Praying for a Service
Before each service some of us pray together for every aspect of the service and the areas of ministry throughout the building (those leading, volunteers, those coming for the first or seventieth time, and for the community of Milford).
The focus of intercessory prayer is on a broad range of needs from individual requests to the vision God has given OPC|M through the following ways:
This is an opportunity for people to respond after the service by sharing requests for which they would like someone to pray with them about. This also provides an opportunity to connect people with pastoral care and life-giving discipling relationships.
We will pair intercessors with the pastoral/ministry staff and within intercessory prayer groups that will receive any prayer requests that the church receives. The purpose will be to engage in committed, intentional daily prayer for those in pastoral/ministry staff roles and to pray for other requests as they are made known.
Nights of Prayer
This is our monthly meeting where we spend time together with God through prayer (adoration, repentance, gospel thanks, and aspiration) and focusing on the priorities and needs of God’s Kingdom: God’s presence and glory being shown in our homes, work, community, and world.
Resources for Prayer
There are many forms of prayer that Christians have found beneficial throughout the centuries. The forms below stand out both for their simplicity and connection to Scripture.
Praying with Scripture
This emphasizes rooting our prayer life in God’s word. God comes and speaks to us through his word and guides us by his Spirit, exposing the desires of our hearts, those rooted in truth and the flawed ones too.
We believe that prayer shaped by God’s word is our starting place for helping us to understand our past and present experiences in the light of the gospel. Christians throughout the centuries have come to the scriptures in this way: learning how to imitate and respond to God’s words to us, allowing scripture to reorder, revise, and edit our hearts and responses to the circumstances and sorrows that beset us. We encourage groups and individuals to use this form to spend time together meditating on and praying through Scripture as a means of transformation.
Prayer is dialogue. Prayer, as has been said, is taking up the other side of a conversation that God has already started with us as he speaks through Scripture. Conversational prayer, then, is a way of participating in this dialogue with God alongside others.
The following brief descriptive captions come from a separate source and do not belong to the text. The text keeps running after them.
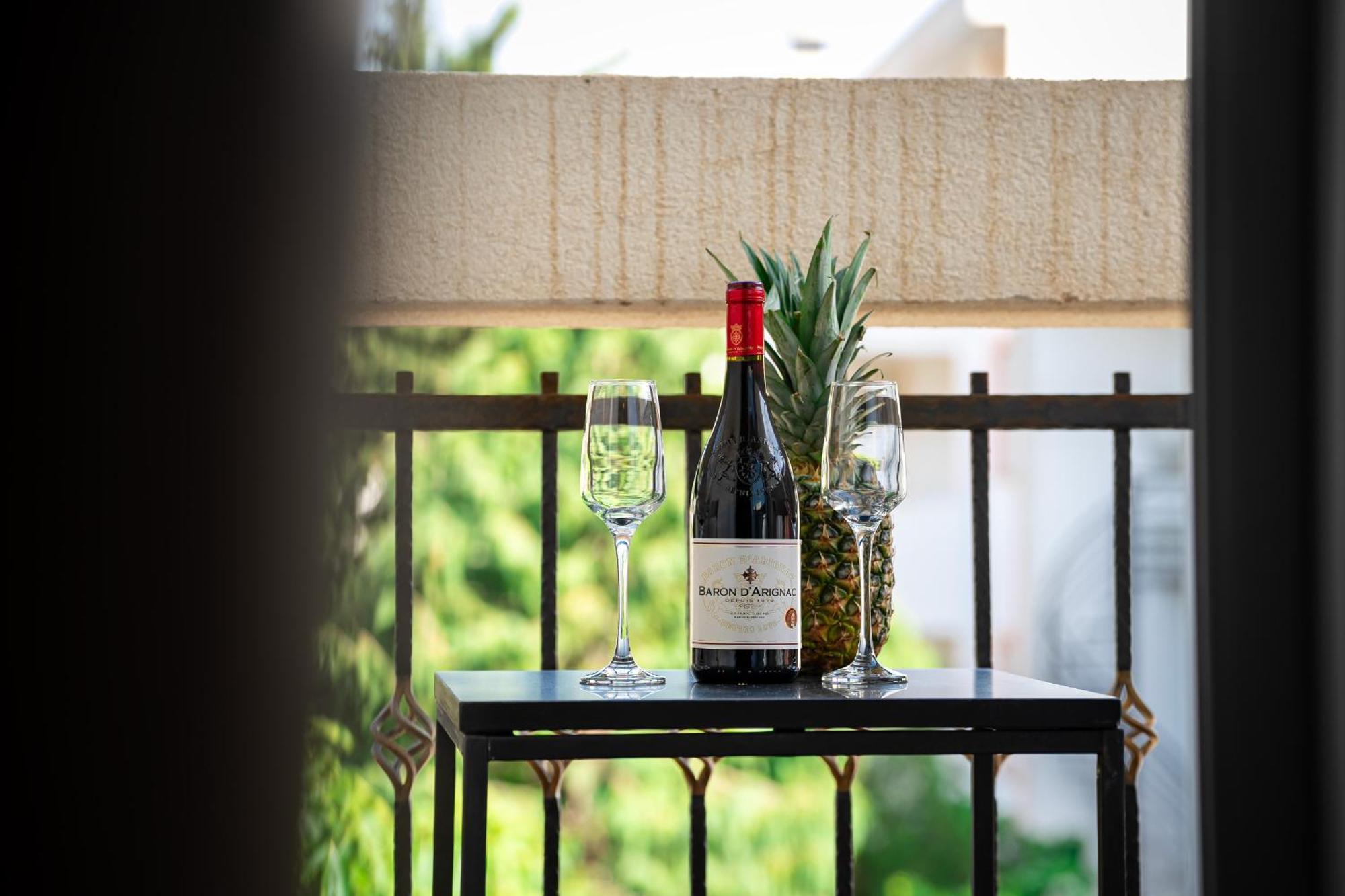 Delfin Apartments Сутоморе Екстериор снимка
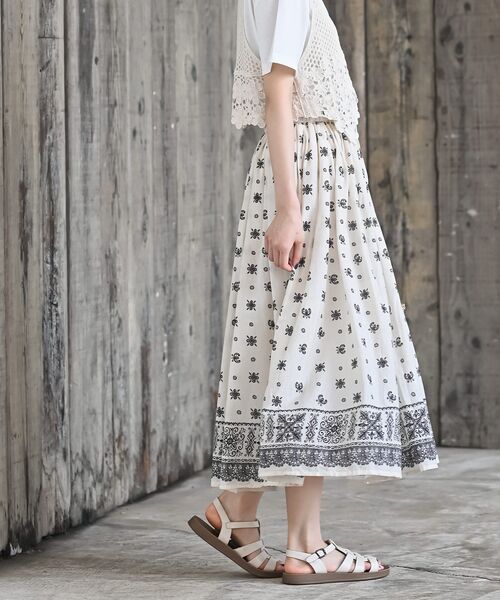 rps（アールピーエス）の「コットンボイルギャザースカート（スカート・レディース・ブラック系その他2/ブラック系その他3/ブルー/グリーン/ライトグリーン/ベージュ系その他/カーキ/ピンク/パープル/チャコールグレー/ネイビー/ブラック/グレー/アイボリー/ブルー系その他2・フリー）」の17枚目の写真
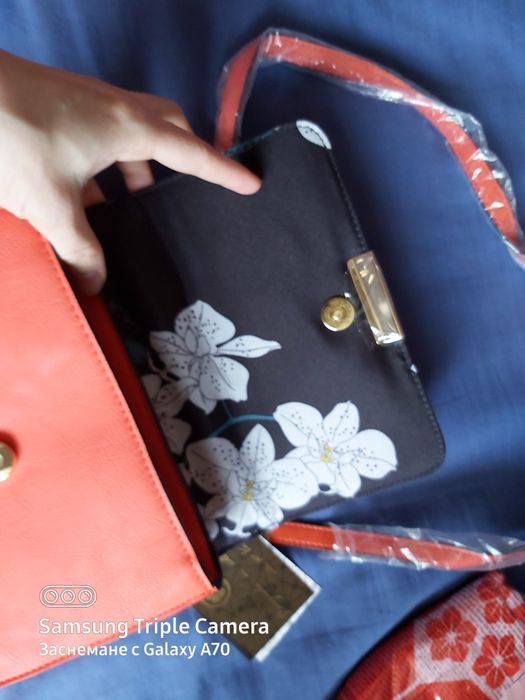 Чанта, нова, малка, с дълга дръжка изкуствена кожа, цвят праскова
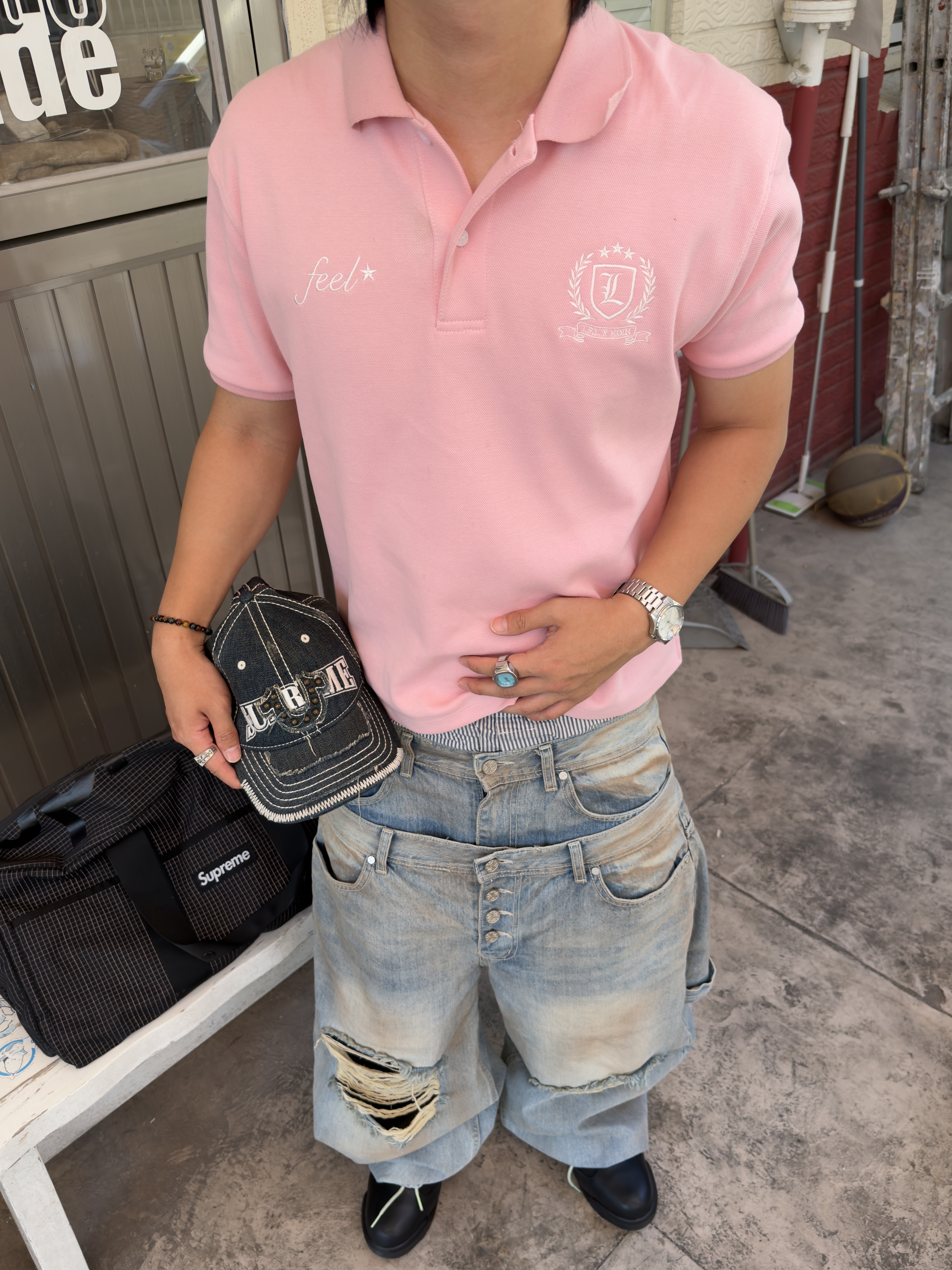 I FEEL LUCKY Double Waist Carpenter Pants Light Blue, I FEEL LUCKY Lucky Koin Polo Shirt Pink 착용 스타일 - 4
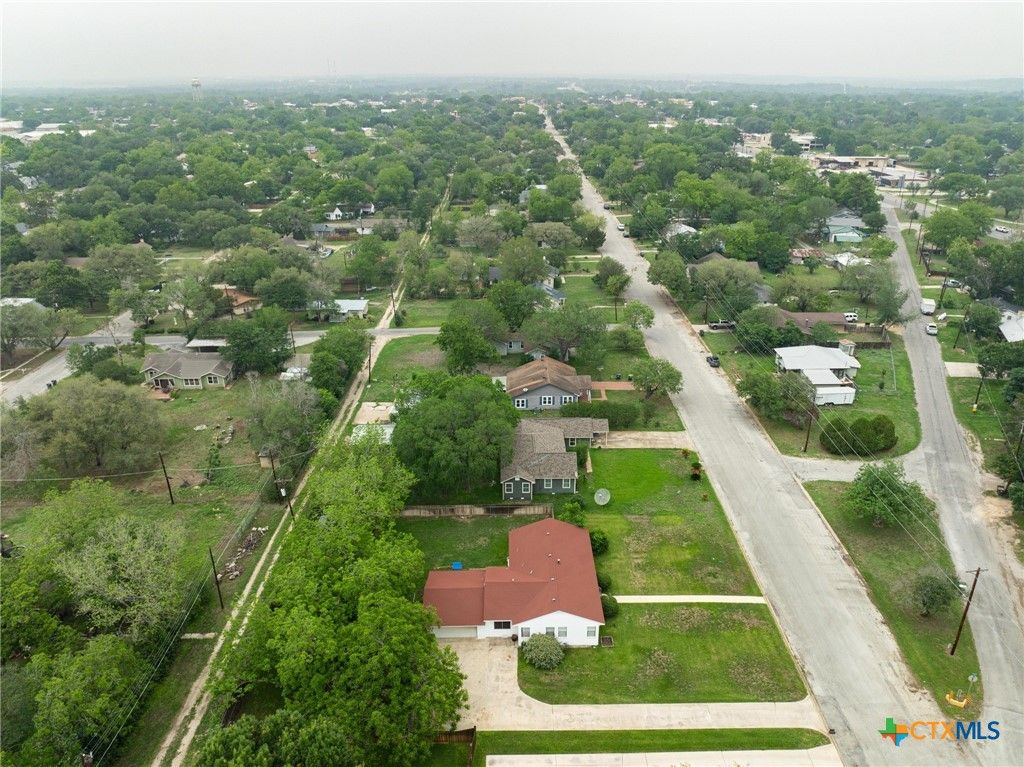 Image 25 of property listing at 908 S Laurel Avenue, Luling, TX 78648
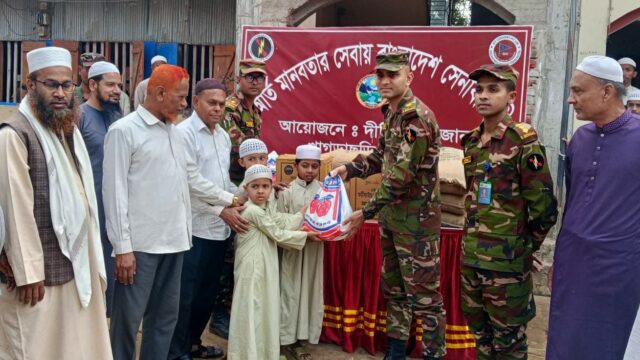 শিক্ষার্থী ও দুস্থ পরিবারের পাশে দাঁড়ালো সেনাবাহিনী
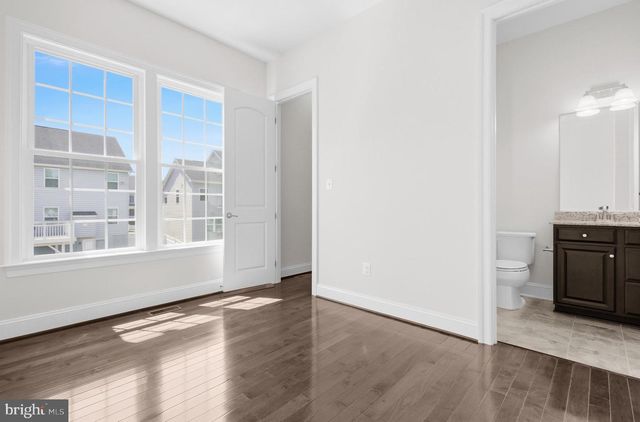 11524 DOGWOOD HILLS DR, Clarksburg, MD 20871
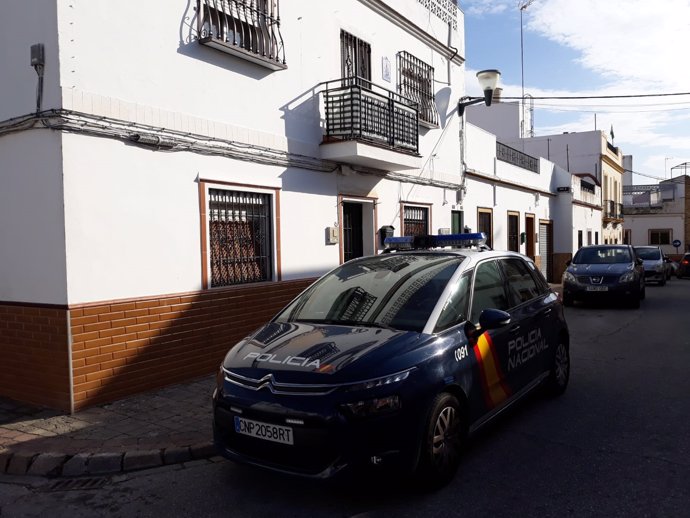 Detenido acusado de matar a su madre en Alcalá de Guadaíra (Sevilla)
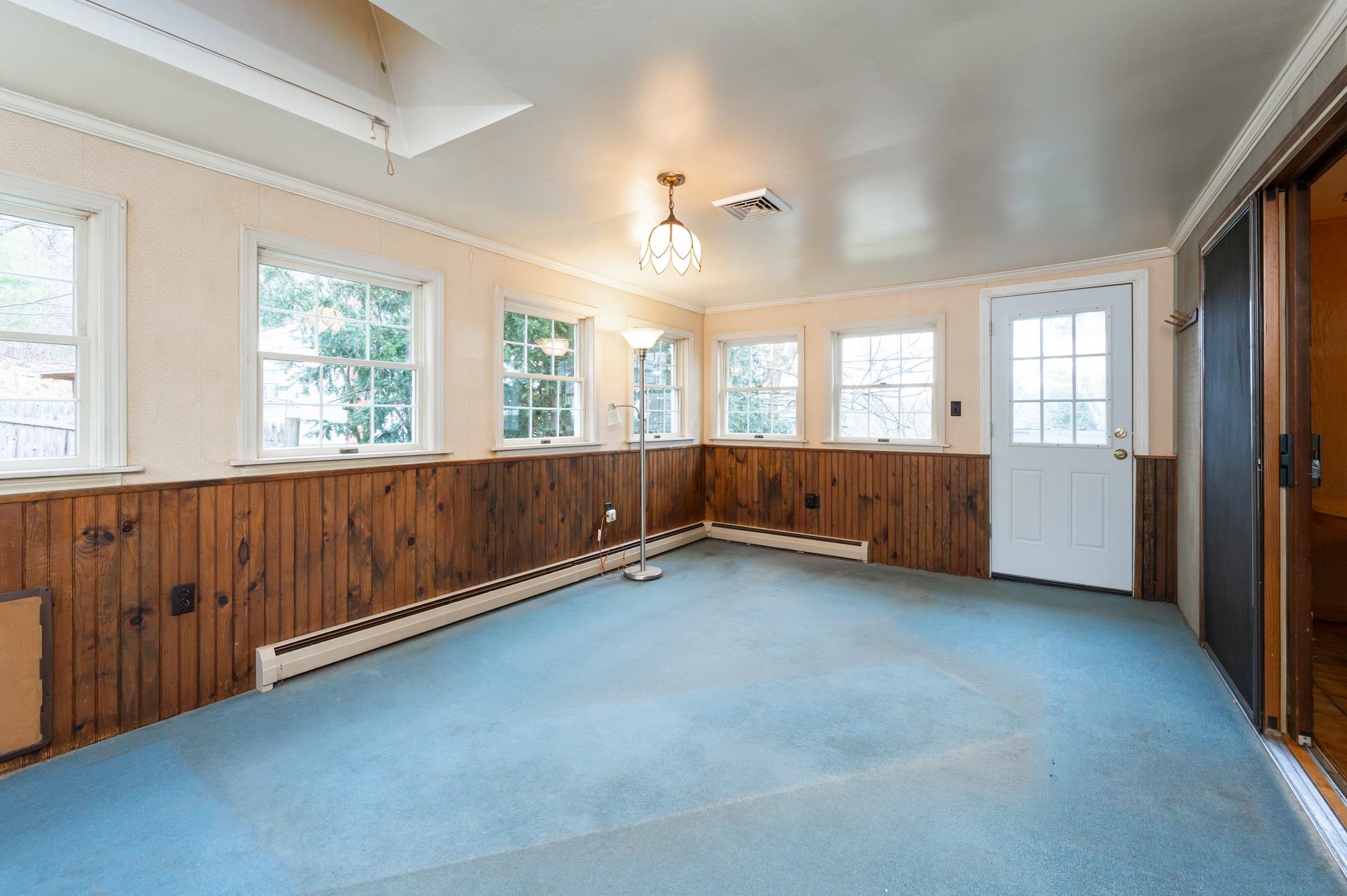 62 Pine Street Hooksett, NH 03106 - Photo 12 of 41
As we do so, we invite and expect the Holy Spirit to be present with us: guiding and edifying the prayers of the group.
We encourage Discipleship and Life Groups to utilize this form of prayer.
Christians have used various forms of devotional prayer through the centuries. Luther offers us his simple way to pray. Whereas the prayer of examen and discernment methods focus on the seeing our experiences and inner life through the lens of the gospel. Finally, liturgical prayer* may be of help as those who have gone before become guides in our own prayer. Recommended resources include: The Valley of Vision, Augustine’s Confessions, Book of Common Prayer (BCP) by Thomas Cranmer (a 16th century English reformer).
We encourage Discipleship and Life Groups to utilize these forms of prayer.